Paper session 4A (Day 3)
Dr. Gianmaria Silvello, an assistant professor at the Department of Information Engineering of the University of Padua presented a full paper titled: "Evaluation of Conformance Checkers for Long-Term Preservation of Multimedia Documents." He discussed his project about the development of an evaluation framework for validating the conformance of long-term preservation by assessing correctness, usability and usefulness.
#jcdl2018 session 4 has begun with @giansilv presenting "Evaluation of Conformance Checkers for Long-Term Preservation of Multimedia Documents". pic.twitter.com/tJWAMwZcLv— Mat Kelly (@machawk1) June 5, 2018
Next, Dr. Pavlos Fafalios a researcher at L3S Research Center in Germany presented a full paper titled: "Ranking Archived Documents for Structured Queries on Semantic Layers," in which he proposed two ranking models that rank archived documents and considers the similarity of documents to entities, timeliness of documents, and the temporal relations between the entities.
Kudos to @pavlos098 et al. for making their evaluation data set from their #jcdl2018 presentation "Ranking Archived Documents for Structured Queries on Semantic Layers" publicly available https://t.co/sYqfmzw1vu pic.twitter.com/2E7QAtQD3b— Mat Kelly (@machawk1) June 5, 2018
The slides of my presentation "Ranking Archived Documents for Structured Queries on Semantic Layers" are available at https://t.co/8rYD7EVCPP— Pavlos Fafalios (@pavlos098) June 5, 2018
and the paper at https://t.co/ZkxP7TeDTX
#jcdl2018
The final paper presented (not by an author of the paper) in this session was a short paper titled: "Modeling Author Contribution Rate With Blockchain." Three concurrent paper sessions (all full papers) followed after break.

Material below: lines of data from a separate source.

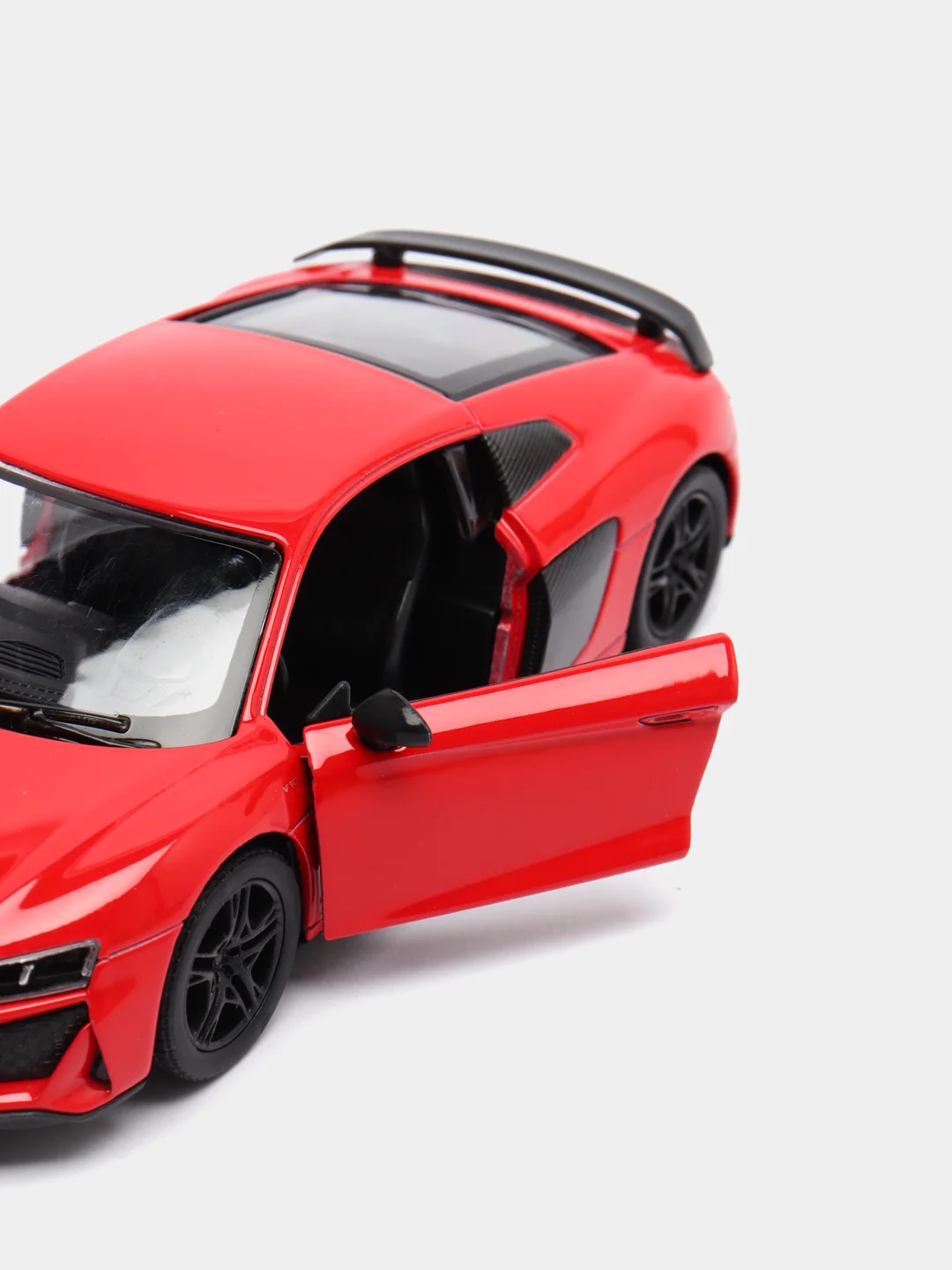 Красный металлическая машинка 1:38 Audi R8 Coupe 2020 KT5422D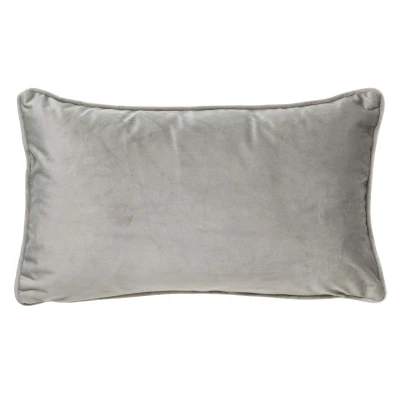 Afbeelding van Dutch Decor FINN Sierkussen 30x50 cm velvet lendekussen Micro Chip lichtgrijs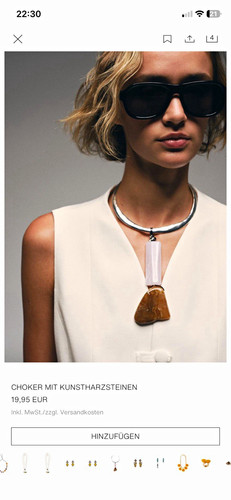 Zara choker halskette mit - halskette,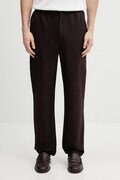 Lacoste pantaloni cu in culoarea maro, drept, HH1972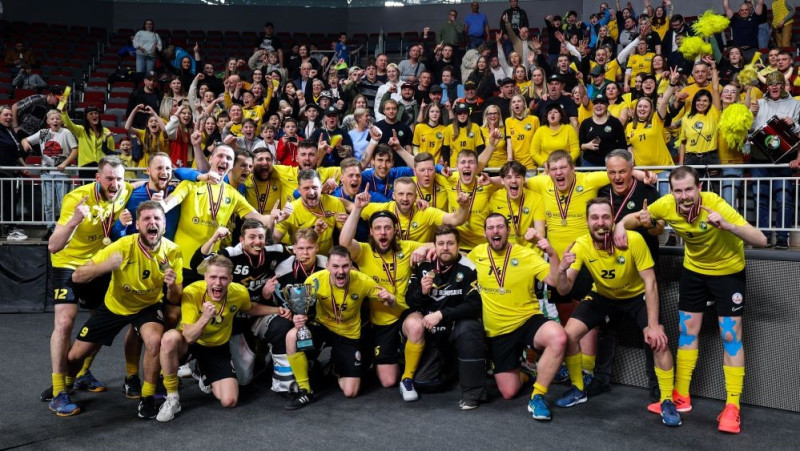 Vīriešu 1. līgā triumfē "Leģions/Grobiņas SC"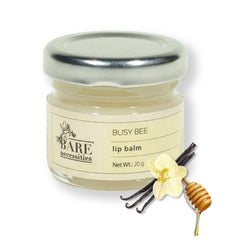 Bare Necessities Busy Bee Organic Beeswax Lip Balm with Shea Butter | Non-toxic Natural Hydrating Honey Vanilla Moisturizing Lip Balm for Dry and Chapped Lips - 20g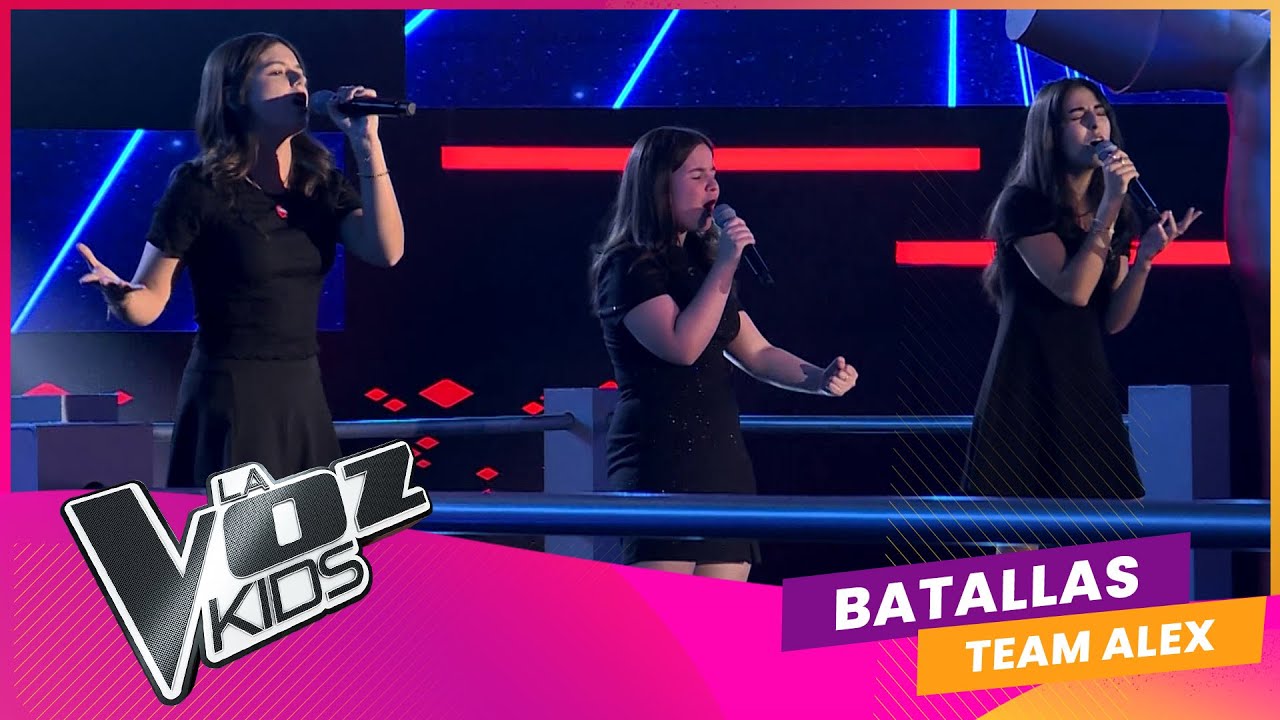 Guillermina, Cecilia y Luana cantan 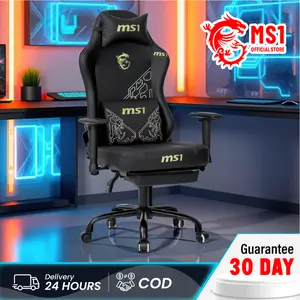 MS1 - Kursi Gaming Chair Dewasa Kursi Kerja Kantor Kursi Komputer Ergonomis Kursi Game Putar Premium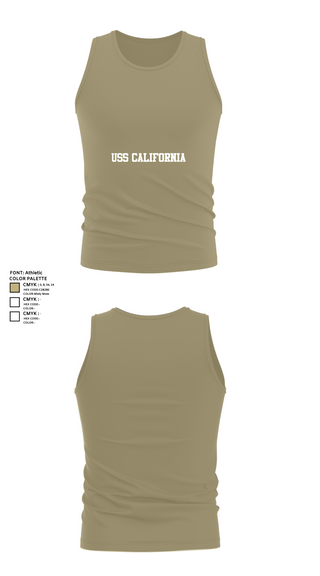 Tank Top, USS California, , Teamtime, Team time, sublimation, custom sports apparel, team uniforms, spirit wear, spiritwear, sports uniforms, custom shirts, team store, custom team store, fundraiser sports, apparel fundraiser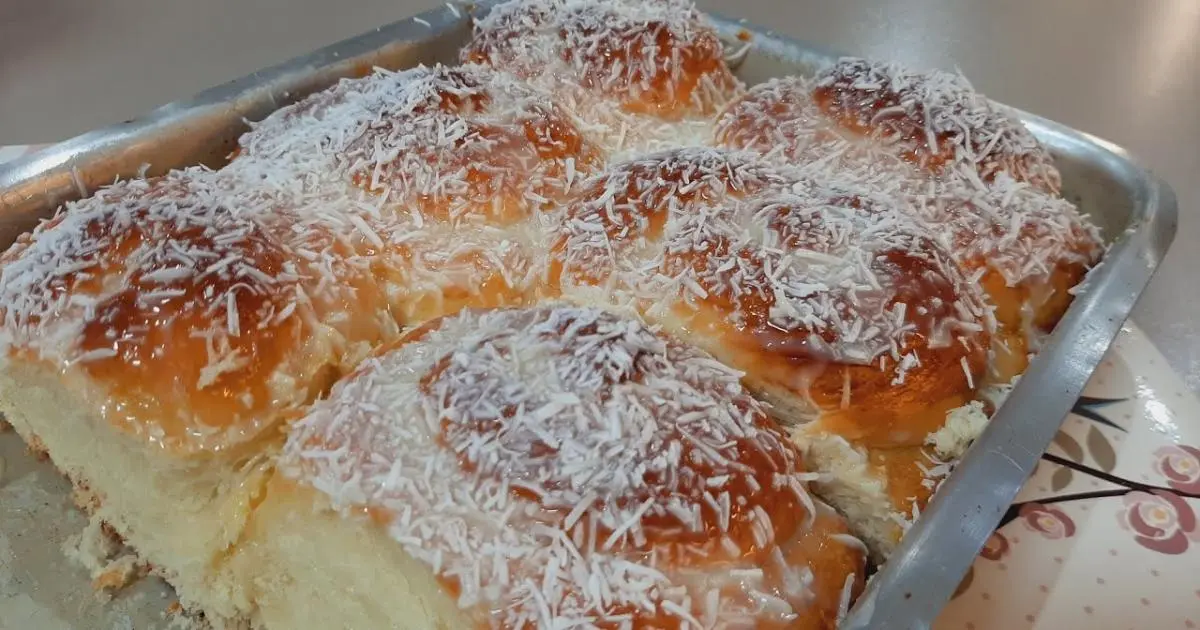 Pão doce fofinho e fácil com sabor de padaria!...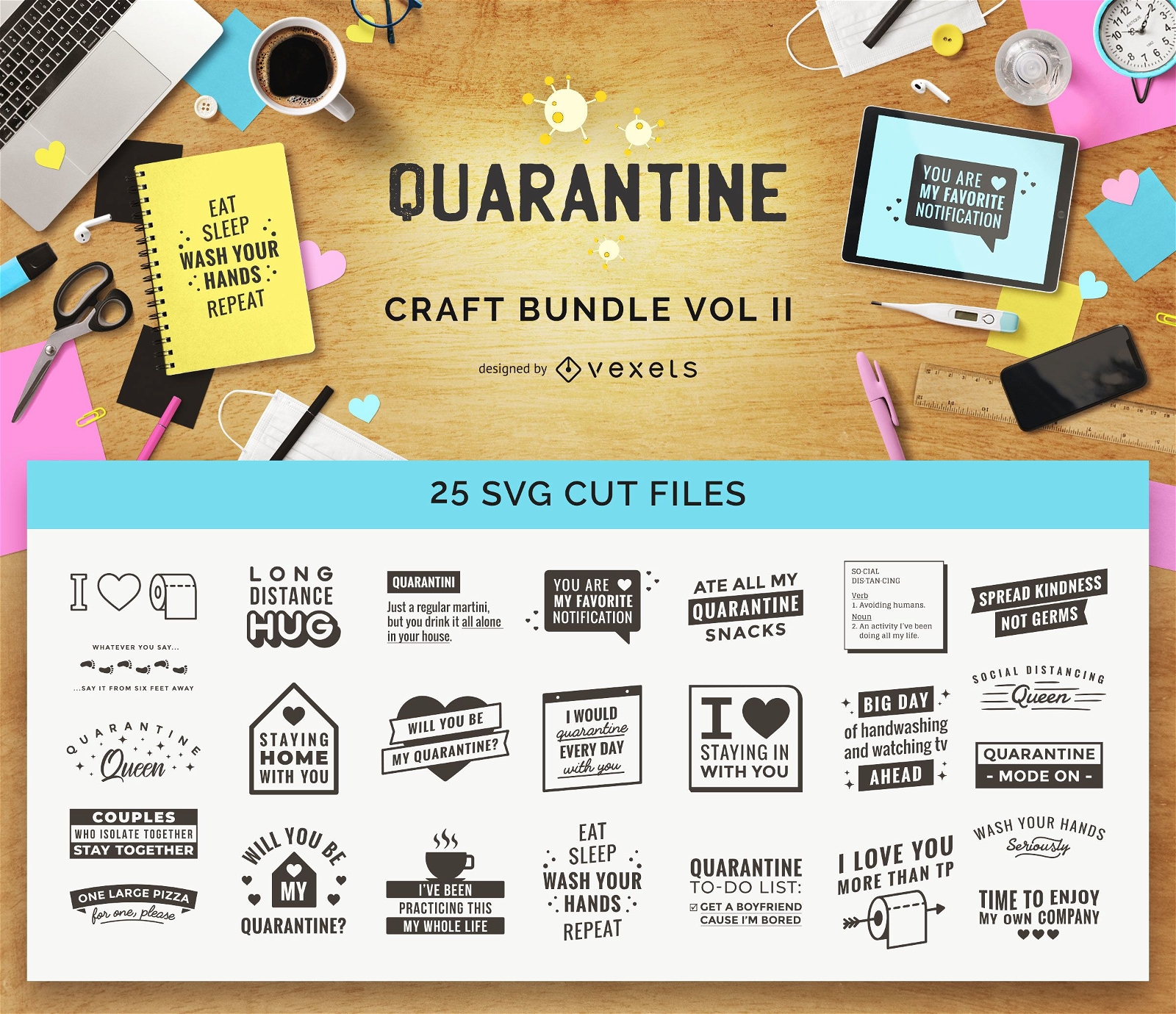 Quarantine Craft Bundle Vol II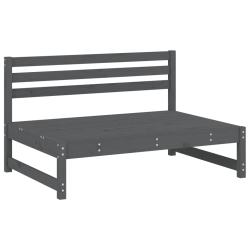 Sofa środkowa do ogrodu, szara, 120x80 cm, lite drewno sosnowe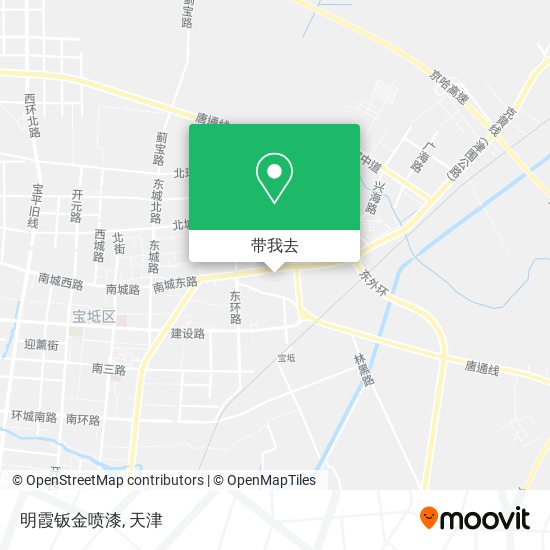 明霞钣金喷漆地图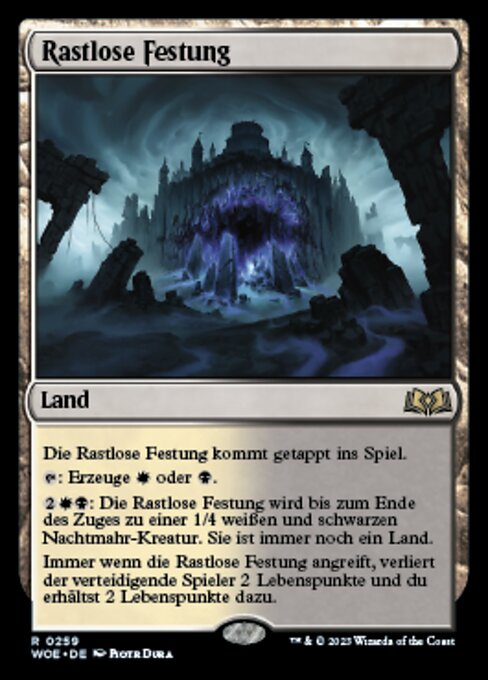Rastlose Festung WOE-259 Rare Excellent Deutsch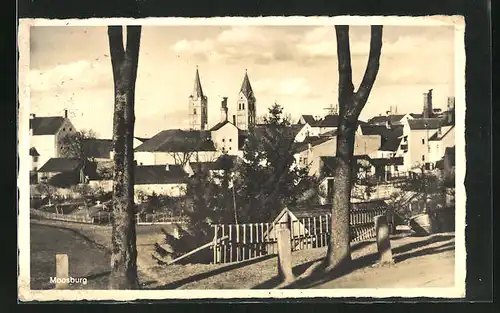 AK Moosburg, Blick zum Ort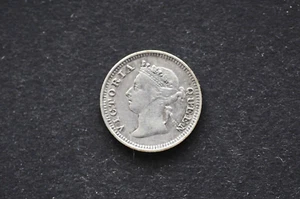 Straits Settlements (QV) 1889 5 cents Silver Coin ( Wt : 1.34 g ) C534 - Picture 1 of 9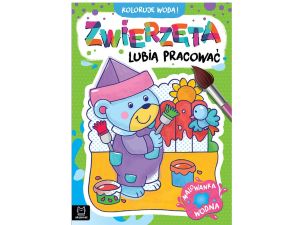 KOLORUJĘ WODĄ. ZWIERZĘTA LUBIĄ PRACOWAĆ MAL. WODNA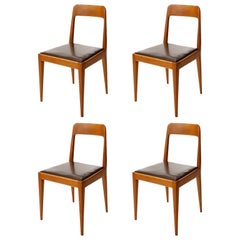 Set di quattro sedie Carl Auböck A7, Austria, anni '50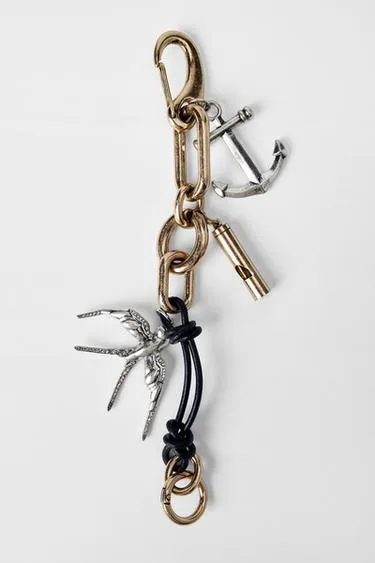 Брелок на ключи с подвесками KATE MOSS X ZARA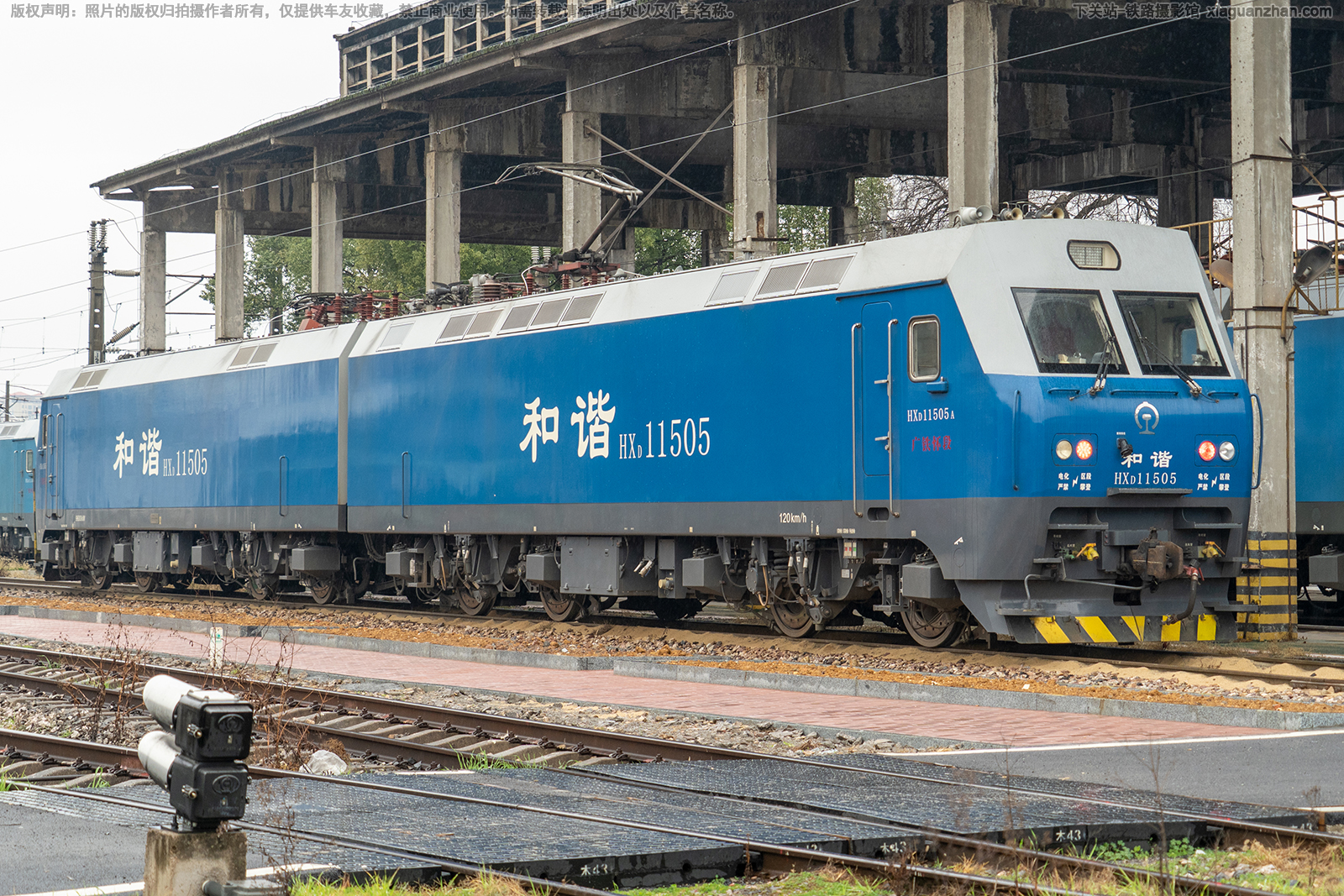 和谐电1-1505 HXD1-1505 广铁怀段 和谐电1-1505 HXD1-1505 广铁怀段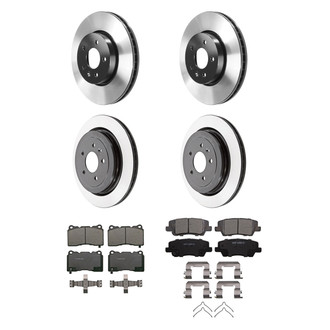 Wagner® - QuickStop® Front and Rear Brake Kit with Ceramic Pads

Florian Mai, a graduate student at Kiel University in Germany was the first presenter of the paper session on Text Collections. He presented a full paper titled: "Using Deep Learning for Title-Based Semantic Subject Indexing to Reach Competitive Performance to Full-Text," in which he presented the findings from investigating how deep learning models obtained from training on titles compare to deep learning models obtained from training on full-texts.
Omar Alonso (best paper nominee) presented a full paper titled: "How it Happened: Discovering and Archiving the Evolution of a Story Using Social Signals." He introduced a method of showing the evolution of stories from the perspective of social media users as well as the articles that include social media as supporting evidence.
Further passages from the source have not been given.